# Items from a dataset

*** Block opens ***

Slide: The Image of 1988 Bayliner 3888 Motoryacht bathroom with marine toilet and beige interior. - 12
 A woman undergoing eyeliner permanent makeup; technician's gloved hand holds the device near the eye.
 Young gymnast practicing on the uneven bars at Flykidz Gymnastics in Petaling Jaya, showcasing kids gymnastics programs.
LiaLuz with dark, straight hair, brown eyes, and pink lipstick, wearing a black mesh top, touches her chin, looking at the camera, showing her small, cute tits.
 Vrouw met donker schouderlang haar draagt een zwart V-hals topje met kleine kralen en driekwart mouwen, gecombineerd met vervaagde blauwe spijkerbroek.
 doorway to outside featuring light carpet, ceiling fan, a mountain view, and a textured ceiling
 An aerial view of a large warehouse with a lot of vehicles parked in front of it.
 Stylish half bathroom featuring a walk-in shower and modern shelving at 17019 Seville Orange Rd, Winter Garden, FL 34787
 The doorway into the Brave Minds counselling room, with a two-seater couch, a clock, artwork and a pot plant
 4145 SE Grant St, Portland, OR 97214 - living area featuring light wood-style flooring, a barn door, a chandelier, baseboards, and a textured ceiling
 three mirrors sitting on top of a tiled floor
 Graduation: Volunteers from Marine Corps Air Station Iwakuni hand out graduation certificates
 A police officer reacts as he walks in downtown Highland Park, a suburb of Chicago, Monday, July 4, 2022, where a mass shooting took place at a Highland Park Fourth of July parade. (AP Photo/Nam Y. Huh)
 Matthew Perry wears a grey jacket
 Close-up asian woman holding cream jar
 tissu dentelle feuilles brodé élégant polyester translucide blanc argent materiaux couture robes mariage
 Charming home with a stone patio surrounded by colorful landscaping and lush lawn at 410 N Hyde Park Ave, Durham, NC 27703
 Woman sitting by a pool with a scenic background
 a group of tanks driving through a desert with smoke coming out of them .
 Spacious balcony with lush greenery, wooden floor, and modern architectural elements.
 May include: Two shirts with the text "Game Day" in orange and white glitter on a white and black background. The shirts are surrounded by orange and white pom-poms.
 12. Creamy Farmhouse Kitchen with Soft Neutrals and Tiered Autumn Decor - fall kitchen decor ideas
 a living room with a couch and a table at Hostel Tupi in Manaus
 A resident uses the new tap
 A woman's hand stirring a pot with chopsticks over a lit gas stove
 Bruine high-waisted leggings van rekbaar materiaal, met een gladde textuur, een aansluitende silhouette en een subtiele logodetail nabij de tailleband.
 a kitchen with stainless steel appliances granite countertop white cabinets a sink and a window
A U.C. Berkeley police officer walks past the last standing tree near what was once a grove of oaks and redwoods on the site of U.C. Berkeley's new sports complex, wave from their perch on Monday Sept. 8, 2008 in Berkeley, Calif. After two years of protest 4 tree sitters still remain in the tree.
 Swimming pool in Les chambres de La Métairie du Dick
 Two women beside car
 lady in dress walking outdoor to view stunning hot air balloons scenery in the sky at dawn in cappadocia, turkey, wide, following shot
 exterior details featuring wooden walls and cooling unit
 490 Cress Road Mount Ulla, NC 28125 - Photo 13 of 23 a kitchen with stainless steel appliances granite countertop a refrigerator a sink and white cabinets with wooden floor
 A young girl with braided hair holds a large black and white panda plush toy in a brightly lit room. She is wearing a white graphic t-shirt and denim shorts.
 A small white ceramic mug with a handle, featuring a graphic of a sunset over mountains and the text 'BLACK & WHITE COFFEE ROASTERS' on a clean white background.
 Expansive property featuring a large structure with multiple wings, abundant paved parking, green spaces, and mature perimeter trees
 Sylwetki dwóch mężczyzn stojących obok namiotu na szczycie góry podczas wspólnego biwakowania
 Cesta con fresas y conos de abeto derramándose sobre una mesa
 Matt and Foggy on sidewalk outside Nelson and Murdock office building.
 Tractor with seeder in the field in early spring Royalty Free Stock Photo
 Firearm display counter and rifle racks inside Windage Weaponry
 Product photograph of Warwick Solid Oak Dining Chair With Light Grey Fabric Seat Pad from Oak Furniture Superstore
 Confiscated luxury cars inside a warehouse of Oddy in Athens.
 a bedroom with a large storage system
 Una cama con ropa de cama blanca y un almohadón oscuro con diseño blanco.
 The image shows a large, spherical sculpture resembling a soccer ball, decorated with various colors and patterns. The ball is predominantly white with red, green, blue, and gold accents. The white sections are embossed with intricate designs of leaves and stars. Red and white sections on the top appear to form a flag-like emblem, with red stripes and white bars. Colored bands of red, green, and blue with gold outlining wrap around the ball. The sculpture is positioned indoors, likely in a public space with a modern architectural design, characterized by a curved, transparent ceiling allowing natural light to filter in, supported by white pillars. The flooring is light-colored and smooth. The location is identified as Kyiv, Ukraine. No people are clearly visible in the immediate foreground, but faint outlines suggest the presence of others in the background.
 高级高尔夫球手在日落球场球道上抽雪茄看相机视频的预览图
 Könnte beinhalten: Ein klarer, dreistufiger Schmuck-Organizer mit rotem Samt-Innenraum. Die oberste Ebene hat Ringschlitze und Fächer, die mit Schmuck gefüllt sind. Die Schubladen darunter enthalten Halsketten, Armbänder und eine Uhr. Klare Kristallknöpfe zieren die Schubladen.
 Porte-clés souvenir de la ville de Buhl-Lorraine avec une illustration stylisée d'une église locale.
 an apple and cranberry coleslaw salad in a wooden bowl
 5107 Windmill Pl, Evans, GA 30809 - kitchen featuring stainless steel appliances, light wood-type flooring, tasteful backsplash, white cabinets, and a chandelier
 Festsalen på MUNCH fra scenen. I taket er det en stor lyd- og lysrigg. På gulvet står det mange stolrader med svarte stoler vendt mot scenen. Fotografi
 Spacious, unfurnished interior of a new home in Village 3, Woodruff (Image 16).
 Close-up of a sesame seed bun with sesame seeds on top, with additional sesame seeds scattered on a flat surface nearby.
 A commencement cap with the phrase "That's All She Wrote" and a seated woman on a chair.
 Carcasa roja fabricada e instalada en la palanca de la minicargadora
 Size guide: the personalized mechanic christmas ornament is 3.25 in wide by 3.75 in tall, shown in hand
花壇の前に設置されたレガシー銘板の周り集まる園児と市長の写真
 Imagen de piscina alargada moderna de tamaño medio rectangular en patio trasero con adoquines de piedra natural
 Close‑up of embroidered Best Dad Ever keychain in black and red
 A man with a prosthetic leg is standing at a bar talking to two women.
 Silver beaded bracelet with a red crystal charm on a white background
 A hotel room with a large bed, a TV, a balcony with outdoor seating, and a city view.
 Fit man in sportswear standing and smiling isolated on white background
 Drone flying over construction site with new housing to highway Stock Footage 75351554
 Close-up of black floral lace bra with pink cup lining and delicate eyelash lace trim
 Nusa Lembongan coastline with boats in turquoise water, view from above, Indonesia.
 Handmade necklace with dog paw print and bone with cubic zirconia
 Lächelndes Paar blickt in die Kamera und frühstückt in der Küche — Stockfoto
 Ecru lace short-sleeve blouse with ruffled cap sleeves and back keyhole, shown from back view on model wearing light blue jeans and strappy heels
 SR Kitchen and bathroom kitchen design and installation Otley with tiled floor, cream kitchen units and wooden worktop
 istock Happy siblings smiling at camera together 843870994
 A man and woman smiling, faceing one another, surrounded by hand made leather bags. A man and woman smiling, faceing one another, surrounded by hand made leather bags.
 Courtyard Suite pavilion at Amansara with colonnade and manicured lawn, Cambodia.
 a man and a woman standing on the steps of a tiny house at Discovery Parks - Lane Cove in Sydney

*** Block closes ***

# Exercise aim
Look through the entries above, find each line containing "shown", and copy it.

# Result of this task
 Size guide: the personalized mechanic christmas ornament is 3.25 in wide by 3.75 in tall, shown in hand
 Ecru lace short-sleeve blouse with ruffled cap sleeves and back keyhole, shown from back view on model wearing light blue jeans and strappy heels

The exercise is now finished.